The zebra, which is believed to have evolved from horses more than 2 million years ago, has such an unusual look that it just cries out for explanations and there have been no shortage of attempts to supply them. The one that has stuck in my mind is that the stripes provide camouflage in the long grass. Now another team of researchers have taken a shot at coming up with a different explanation.
A team of life scientists led by Univ. of California, Los Angeles (UCLA)’s Brenda Larison has found at least part of the answer: The amount and intensity of striping can be best predicted by the temperature of the environment in which zebras live.
In Open Science, the researchers make the case that the association between striping and temperature likely points to multiple benefits—including controlling zebras’ body temperature and protecting them from diseases carried by biting flies.
Larison, a researcher in UCLA’s department of ecology and evolutionary biology and the study’s lead author, and her colleagues examined the plains zebra, which is the most common of three zebra species and has a wide variety of stripe patterns. On zebras in warmer climes, the stripes are bold and cover the entire body. On others—particularly those in regions with colder winters such as South Africa and Namibia—the stripes are fewer in number and are lighter and narrower. In some cases, the legs or other body parts have virtually no striping.

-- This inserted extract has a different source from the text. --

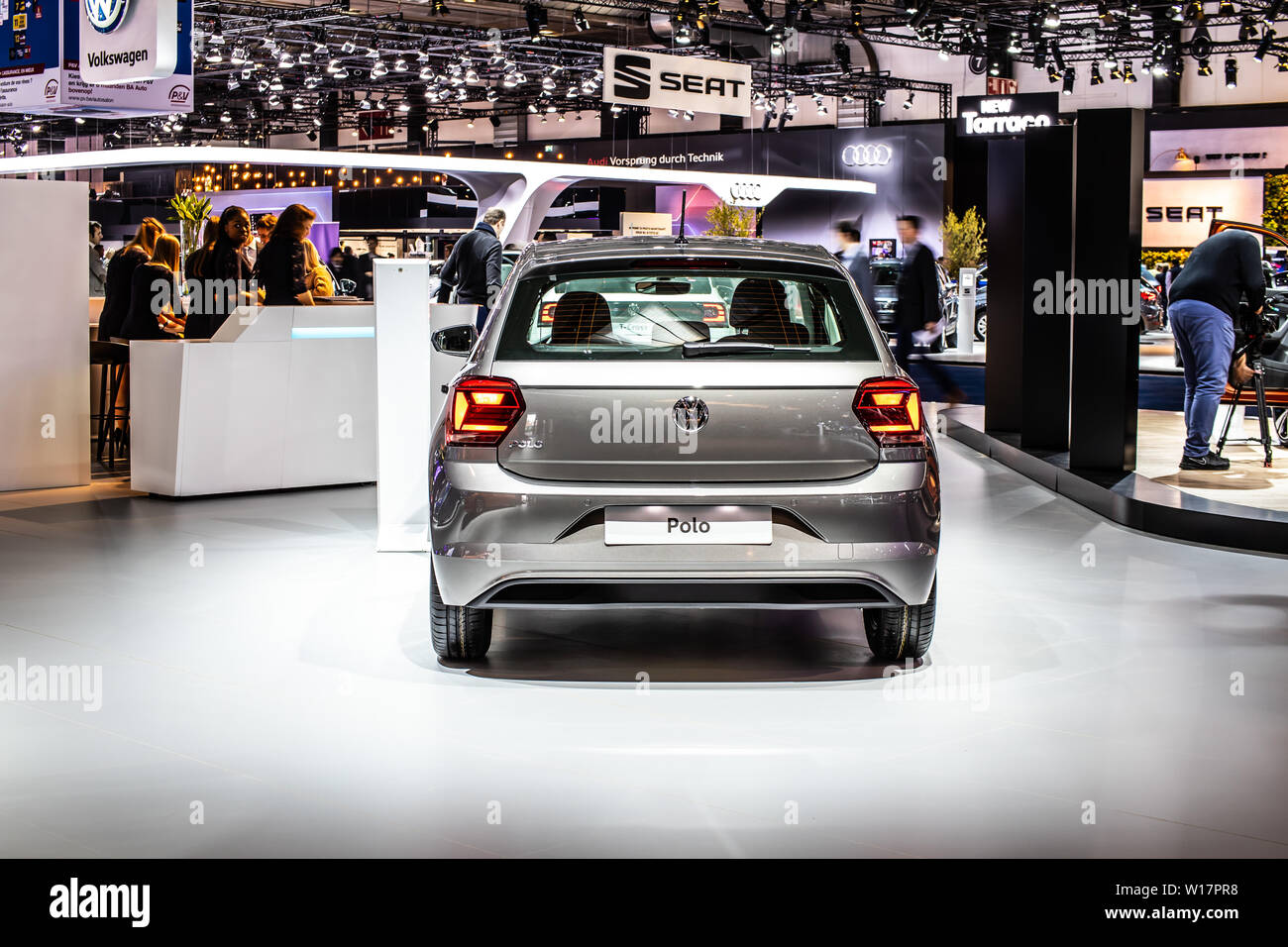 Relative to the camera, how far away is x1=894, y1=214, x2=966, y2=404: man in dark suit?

Analyzing zebras at 16 locations in Africa and considering more two dozen environmental factors, the researchers found that temperature was the strongest predictor of zebras’ striping. The finding provides the first evidence that controlling body temperature, or thermoregulation, is the main reason for the stripes and the patterns they form.
You can read the paper here.
I am of course not a biologist of any stripe (ha!) but I am cognizant of the danger that in our desire to understand why a particular species has some distinguishing characteristic, we can fall prey to the lure of concocting Kiplingesque ‘Just So’ stories. The problem with associating one feature with one evolutionary benefit is why all the other species did not take advantage of that same benefit.
This may be because the benefits of that feature may not be strong enough, or its absence deleterious enough, to drive convergent evolution where every species ends up having it because those that did not just could not compete. The explanation for why only one or a few species have this seemingly desirable trait may be because the mutation ended up being useful enough that they passed it on to their descendants and it became enhanced with time, but those that did not have it went on their own way with their own advantageous mutations.